BEGIN GIVEN ENTRIES

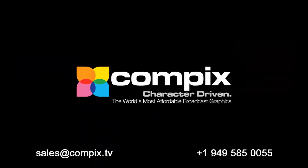For questions, please email us at support at compix.tv. Or feel free to visit our website, compix.tv. If you have sales inquiries, please give us a call at 949-585-0055. Thanks.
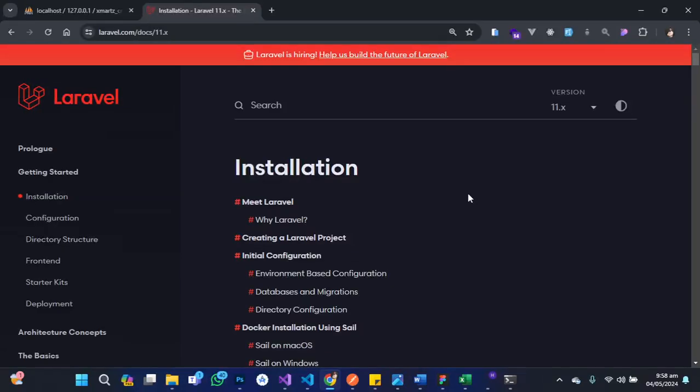Hello, hello, hello there and welcome to the channel. In this tutorial session, I'm going to show you how to install the Laravel API in the new version.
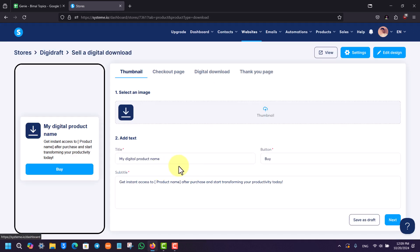You can simply upload your product right here. Once you upload your product, you'll be able to go ahead and then add the checkout page, download page, and the thank you button as well. This way you'll be able to sell digital store products.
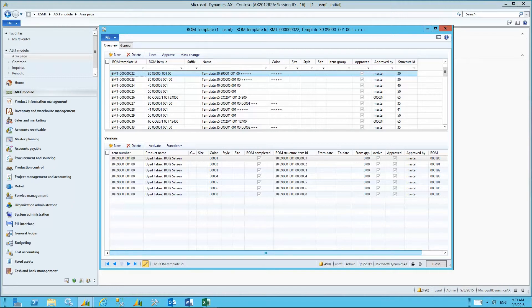In standard manufacturing environments, we assemble or combine different raw materials to make one finished good. In specialized industries like textiles and mill products, for example, we have what we like to call an inverse bill of material relationship.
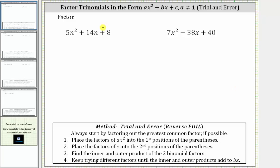In this video, we will look at two examples of factoring a trinomial in the form ax squared plus bx plus c, where a, the leading coefficient, is not one, and the only common factor among all three terms is one.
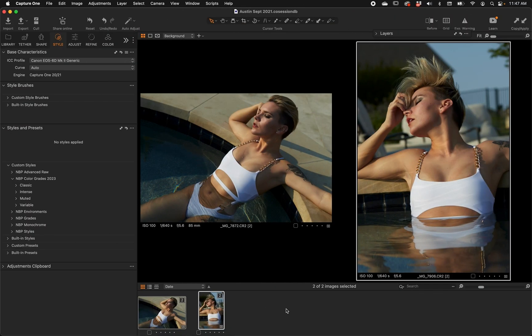Hey, what's up guys, Nino here. Today I'm excited because we have updated the MBP styles color grades. We have a new set of 2023 styles, and one of the reasons we did it — apart from just wanting to explore more color — is because Capture One changed some things. Now styles can involve preset layers set to different opacities, so we have more opportunities to have beautiful styles that are also a lot more flexible.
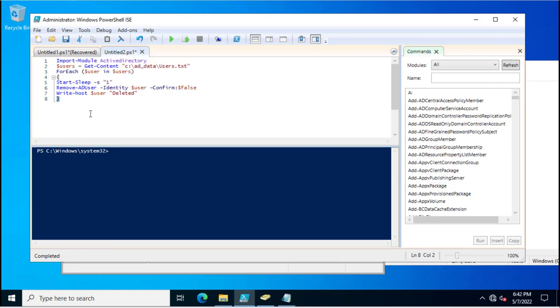But in the PowerShell script, you don't want to see the confirmation message, so you need to specify false. This is for the confirmation message. Now write-host user deleted - this is the message when the user will be deleted.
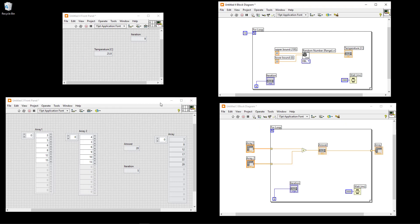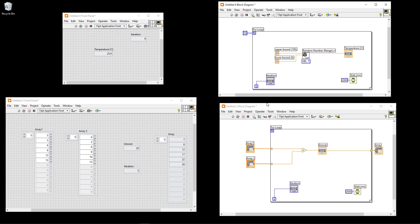There are two different ways to control the for loop. Either you wire a value to the N terminal to explicitly specify the number of iterations, or you leave N unwired and instead wire one or more arrays to the border of the for loop. In that case, auto-indexing is enabled and the number of iterations is automatically determined by the number of elements in the array.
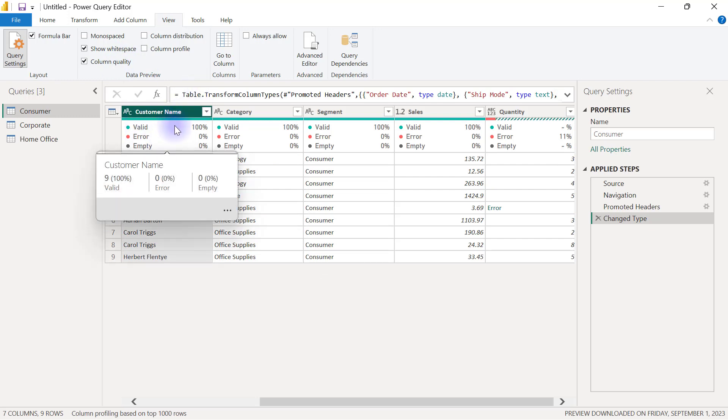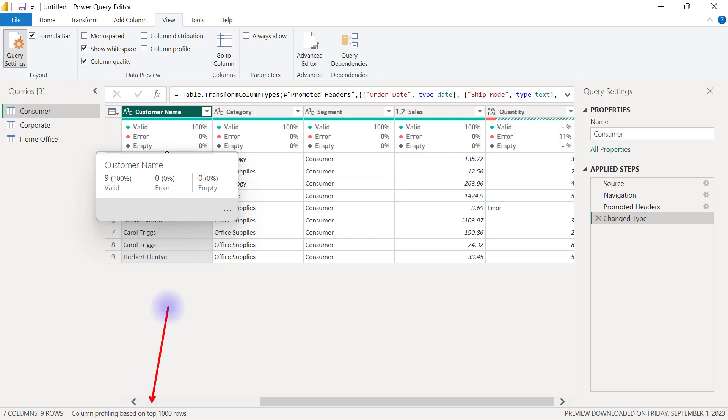This 100% valid looks at the first 1000 rows and not the entire dataset. Don't be disappointed about that, because if you need these options to scan the entire dataset, all you have to do is come over here to the bottom of your Power Query where you are going to see that inscription that says 'column profiling based on the top 1000 rows.'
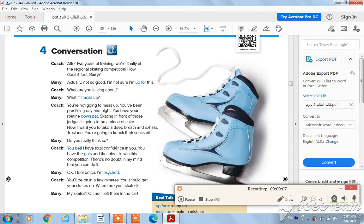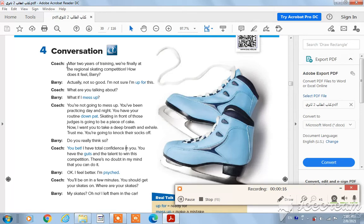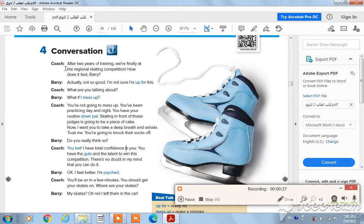Dear student, how are you today? Today we speak about the conversation between a coach and Barry. Coach: After two years of training, we are finally at the regional skating competition. How does it feel, Barry? Barry: Actually, not so good.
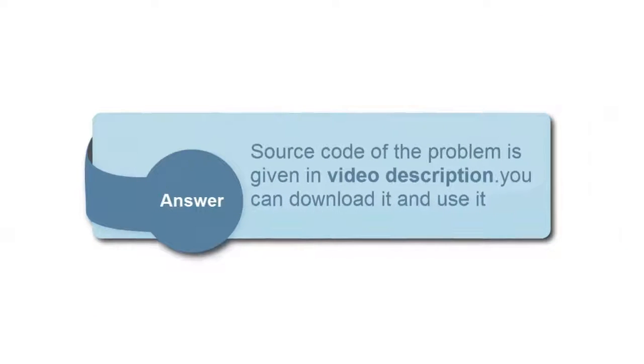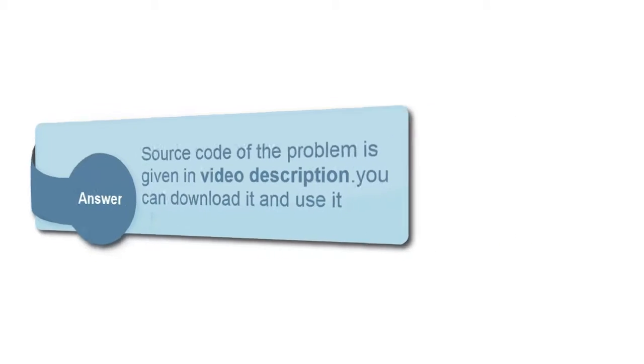I have solved this problem. Source code for the problem is given below in video description. You can download it and use it.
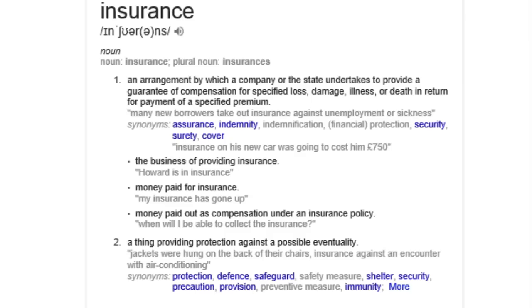Let us define the word insurance. An arrangement by which a company or a state undertakes to provide a guarantee of compensation for specified loss, damage, illness, or death in return for payment of a specified premium. Synonymous with assurance, from the word 'assure'; indemnity, indemnification, financial protection, security.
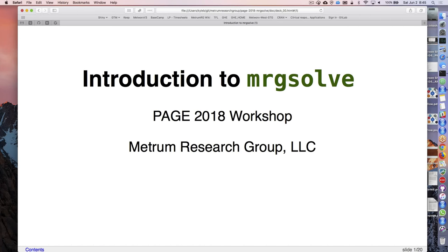Welcome to our course - this is an introduction to MRGsolve. My name is Kyle Barron and I'll be teaching today. We're grateful that you came and are interested in the software. We'll do a little bit of introductory remarks that Matt Riggs will do for us, and then he'll cut out and I'll take over.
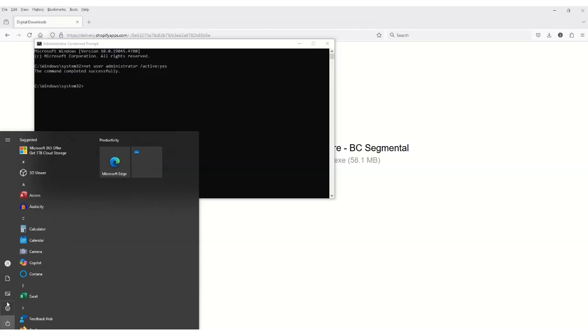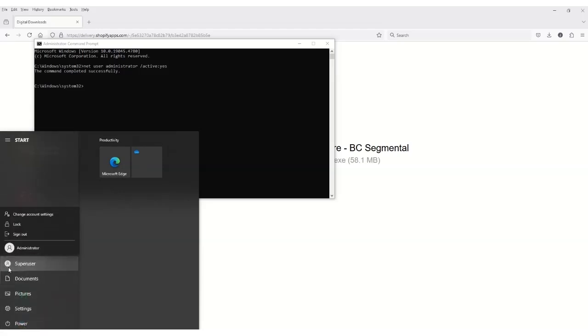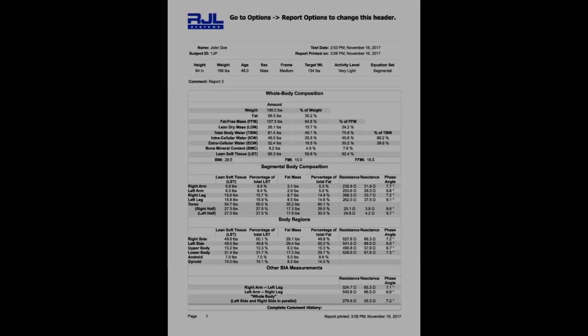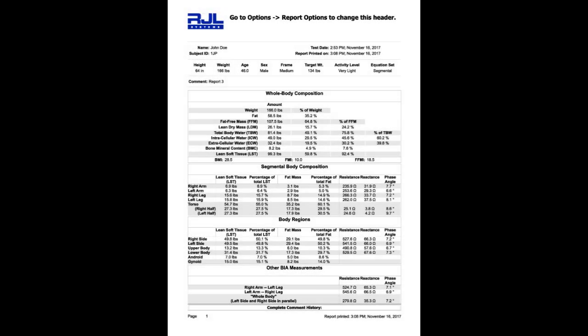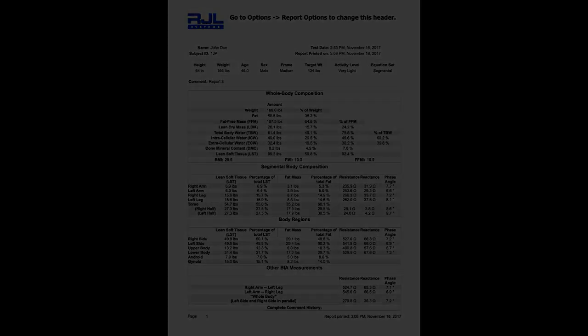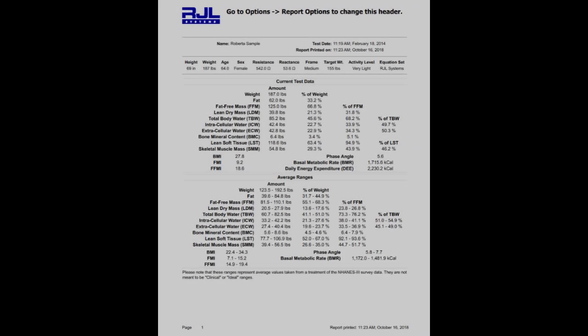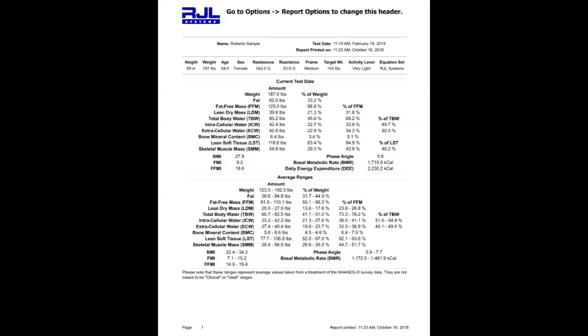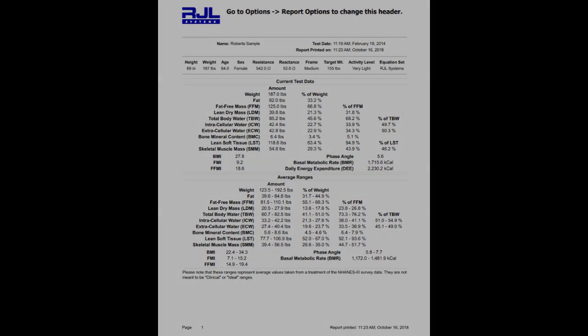Sign out of your current session by clicking on the Windows logo in the lower left part of your screen. Click on the account logo and select Sign Out. Sign in to your administrator account and wait for a couple of minutes. This will start a new user account.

END GIVEN ENTRIES

Write out exactly the lines that run from the top of the listing above to the line containing "You can simply", both ends included. Omit every picture.

For questions, please email us at support at compix.tv. Or feel free to visit our website, compix.tv. If you have sales inquiries, please give us a call at 949-585-0055. Thanks.
Hello, hello, hello there and welcome to the channel. In this tutorial session, I'm going to show you how to install the Laravel API in the new version.
You can simply upload your product right here. Once you upload your product, you'll be able to go ahead and then add the checkout page, download page, and the thank you button as well. This way you'll be able to sell digital store products.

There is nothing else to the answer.